PROMPT:
Within the records below, find the line with "Kocak Denizli (Denizli)" and the line with "Dear Summer Sky", then reproduce exactly those two lines and all lines between them, without any picture.

ENTRIES SUPPLIED:
_ _ _ _

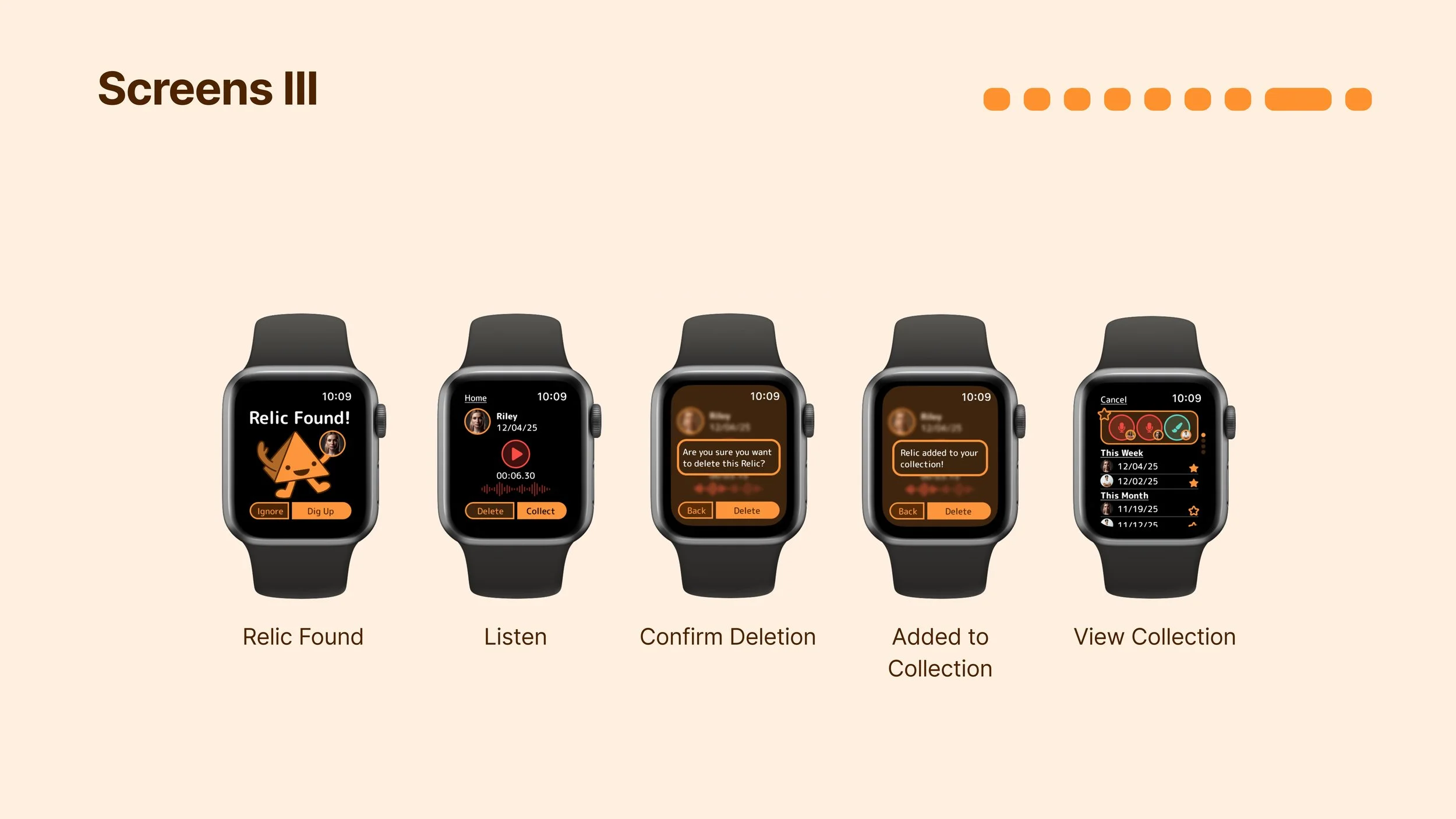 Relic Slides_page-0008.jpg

_ _ _ _

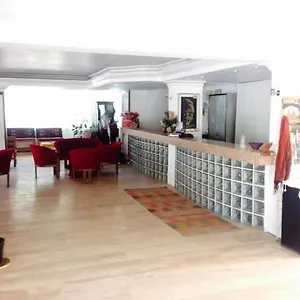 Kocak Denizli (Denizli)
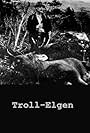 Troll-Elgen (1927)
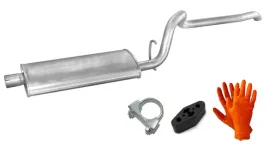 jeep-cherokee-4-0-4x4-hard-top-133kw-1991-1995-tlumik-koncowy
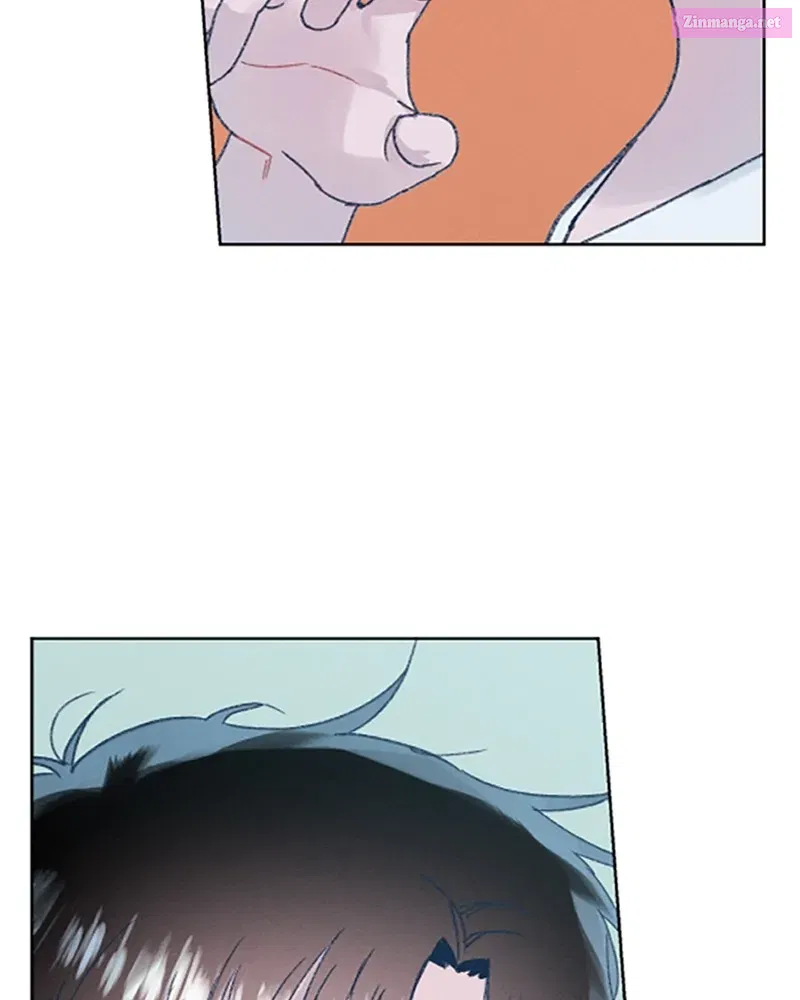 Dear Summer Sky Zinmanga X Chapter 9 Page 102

_ _ _ _

RESULT FOR THIS EXERCISE:
 Kocak Denizli (Denizli)
 Troll-Elgen (1927)
 jeep-cherokee-4-0-4x4-hard-top-133kw-1991-1995-tlumik-koncowy
 Dear Summer Sky Zinmanga X Chapter 9 Page 102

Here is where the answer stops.